In the United States, community health centers (CHCs) mainly serve historically marginalized populations. New research reveals that both before and during the COVID-19 pandemic, females receiving care at rural CHCs were less likely to be up to date with cervical cancer screening than those in urban CHCs. 

Factors Contributing to Rural-Urban Differences

Factors associated with these differences included the proportion of patients with limited English proficiency and low income, as well as area-level unemployment and primary care physician density. The findings are published by Wiley online in CANCER, a peer-reviewed journal of the American Cancer Society. 

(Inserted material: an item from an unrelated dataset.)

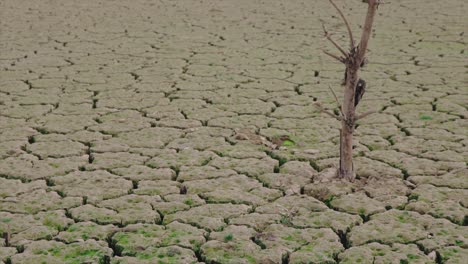 desert with big cracks destroyed by a severe drought. dry and arid ground with a dead tree in the middle of it. wasteland landscape. global warming concept.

In the analysis of data from CHCs in operation across all 50 states and the District of Columbia, investigators found that 38.2% of females receiving care at rural CHCs were up to date on cervical cancer screening during 2014–2019, compared with 43.0% of females receiving care at urban CHCs. This difference widened during the pandemic to 43.5% versus 49.0%. 

English Proficiency, Income, and Unemployment Impacted Screening Disparities

  • The rural-urban difference in screening was mostly explained by differences in CHC-level proportions of patients with limited English proficiency. This accounted for 55.9% of the difference.
  • Differences in the proportions of patients with income below the poverty level accounted for 12.3% of the rural-urban difference in screening.
  • The proportion of females aged 21–64 years accounted for 9.8% of the difference.
  • Differences in area-level unemployment accounted for 3.4% of the difference
  • Differences in primary care physician density accounted for 3.2% of the difference. 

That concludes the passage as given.